|M.Sc Student||Simony Erez|
|Subject||Quadratic Detection over the Vector Incoherent Channel in|
the Generalized Stokes Parameters Signal Space -
Application to Optical Communication
|Department||Department of Electrical Engineering||Supervisor||Professor Emeritus Moshe Nazarathy|
This work is positioned at the junction of optical communication in particular and communication theory of large. From an optical transmission point of view it ddresses the issue of efficiently utilizing the available optical resources of polarization, phase, amplitude, time and wavelength. From an abstract communication theory point of view, it brings a physically-inspired Stokes parameters outlook to the general problem of quadratic detection. A novel generalization applicable to arbitrary dimensions is developed for the four real-valued parameters introduced into optics by Stokes in 1853 to characterize the State-Of-Polarization of an optical beam, in effect extending the Poincare sphere description of polarization and its Mueller matrix transformation to multiple arbitrary dimensions, leading to optimal non-coherent receiver structures consisting of a bank of correlators against the transmitted Stokes vectors, followed by non-linear post processing. The union bound probability of error performance of the optimal Stokes parameters Shift Keying (SPSK) receiver is derived for arbitrary constellations of Stokes vectors yielding closed-form formulae. Novel extensions of POLSK and DPSK optical transmission are proposed and analyzed, considering transmission blocks containing multiple symbols and/or combined simultaneous modulation of amplitude and differential phase.
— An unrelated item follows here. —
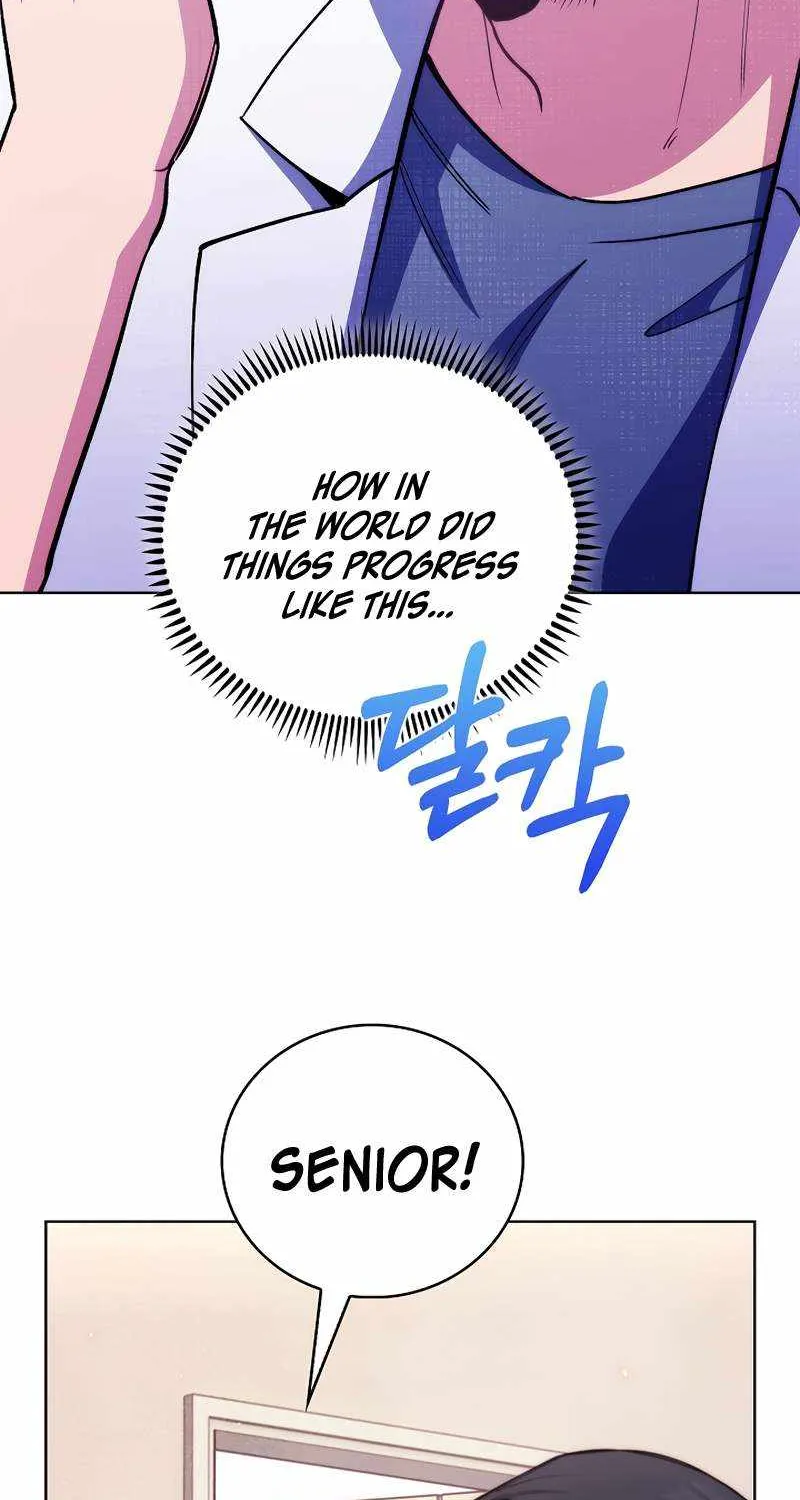 Level-Up Doctor (Manhwa) - Page 83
The optimal ML/MAP detector for the vector incoherent channel was alternatively formulated in the Jones, Coherency Matrix and Stokes signal spaces. All systems came to be viewed in a novel unified framework - multi-dimensional Stokes Signal Space. We provide ample evidence indicating that Stokes space is the natural domain to represent incoherent transmission constellations over the vector incoherent channel.